● **TASK**
Below are the records; give again exactly the lines from the one containing "ROTE BLUE YELLOW" through the one containing "Damen Kunstleder Shorts", leaving out pictures.

● **MATERIAL FOR THIS TASK**

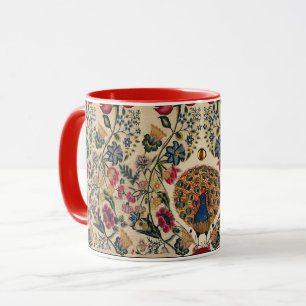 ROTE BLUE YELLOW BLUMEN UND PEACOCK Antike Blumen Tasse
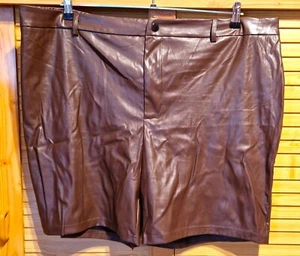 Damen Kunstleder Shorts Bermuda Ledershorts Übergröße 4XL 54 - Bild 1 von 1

--

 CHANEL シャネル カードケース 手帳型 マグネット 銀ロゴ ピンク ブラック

==

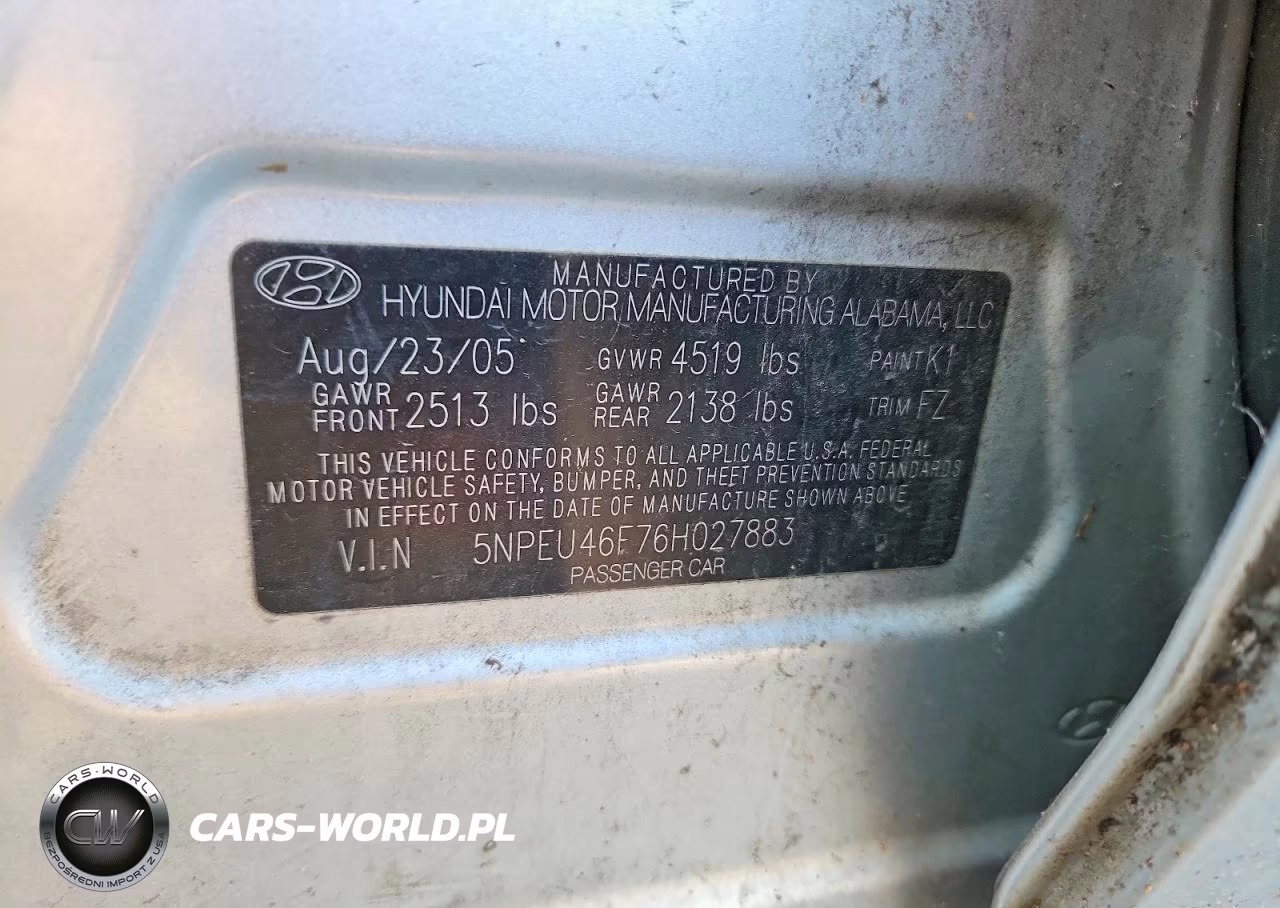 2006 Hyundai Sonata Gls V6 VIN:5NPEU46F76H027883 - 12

● **RESULT OF THIS EXERCISE**
 ROTE BLUE YELLOW BLUMEN UND PEACOCK Antike Blumen Tasse
 Damen Kunstleder Shorts Bermuda Ledershorts Übergröße 4XL 54 - Bild 1 von 1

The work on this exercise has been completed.